Petitioner testified and, when asked if he continued to deny physically abusing Troy or Hailey, petitioner replied, diplomatically, "I believe the judge made a decision in his beliefs and my beliefs may be different." He testified that he had completed 40 Parenting Without Violence classes, 60 to 80 Health Realization classes, and 12 sessions of individual counseling. Petitioner testified that he did not recall being physically abused by his father or seeing his father physically abuse petitioner's mother or siblings. He said that his father was "very, very loving." He said that his father was "really strict from the [Viet Nam] war" and drank "a lot" but was "a real good dad."
Petitioner testified that when he visited Shawna she would "run straight to me. Just really cheerful, really bright kid." He said that he loved Shawna and she loved him. In preparation for having Shawna live with him, he had a "carseat, potty trainer, stroller, baby crib, highchair, several toy boxes, several hundred toys, lots of different clothes for her." Petitioner was working part-time as a cable installer and part-time for American Campaign Services gathering petition signatures. He planned to find child care through referrals from social services or with his aunt, who was a nanny. Petitioner did not agree with the social worker's recommendation that reunification services should be terminated. He believed that "from the get go" the social worker had "made up her mind" to terminate services.

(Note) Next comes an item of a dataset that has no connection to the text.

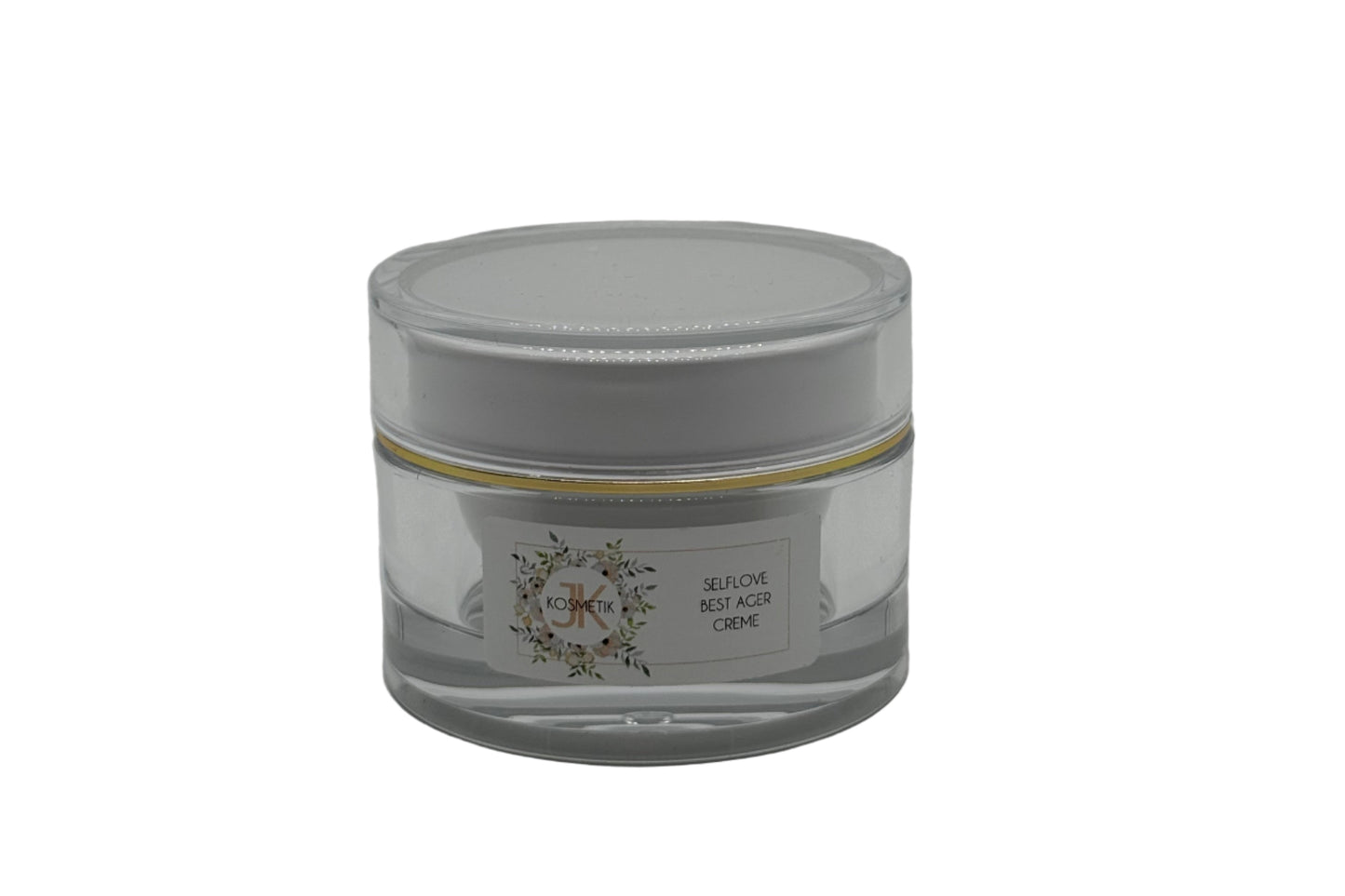 Selflove Best Ager Creme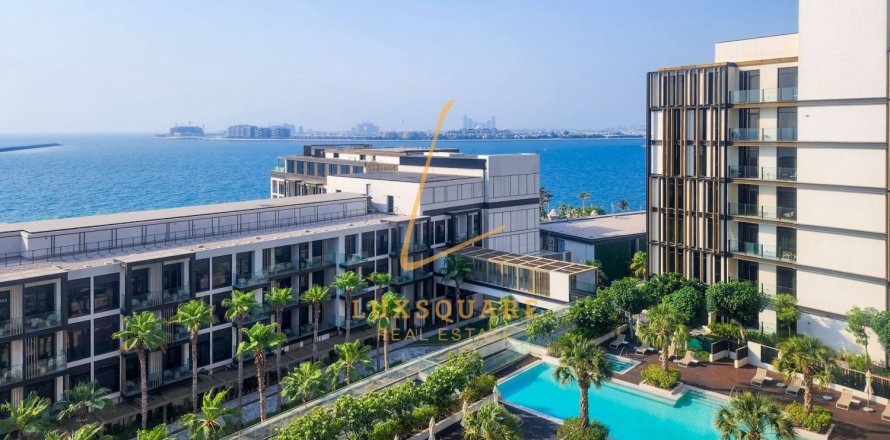 1 bedroom Apartment in Dubai, UAE No. 208404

Counsel for the Department argued that "this father has received more services than virtually any parent in our system." Counsel acknowledged that petitioner had visited Shawna regularly and that the visits had been, "for the most part," appropriate. Counsel acknowledged petitioner's progress in drug treatment. Counsel noted, "He is, in fact clean and sober. He's participated in his programs and he has tested consistently." Counsel argued that petitioner "has not even begun to address the violence in his family of origin." Counsel said that petitioner "has a triggerquick temper when he is under stress or doesn't get his way." Counsel for Shawna agreed that reunification services to petitioner should be terminated.
Counsel for petitioner said that petitioner felt that the finding that he had abused Troy was the result of "almost a railroading job." Counsel argued that petitioner had completed as much of his case plan as he could given that he continued to deny perpetrating the violence on Troy. Counsel recognized that because petitioner had not had unsupervised visits with Shawna that it "may be a stretch" to have Shawna immediately placed with him but that "nothing . . . prevents this Court from ordering a family maintenance plan and making a transition plan over 60 to 90 days."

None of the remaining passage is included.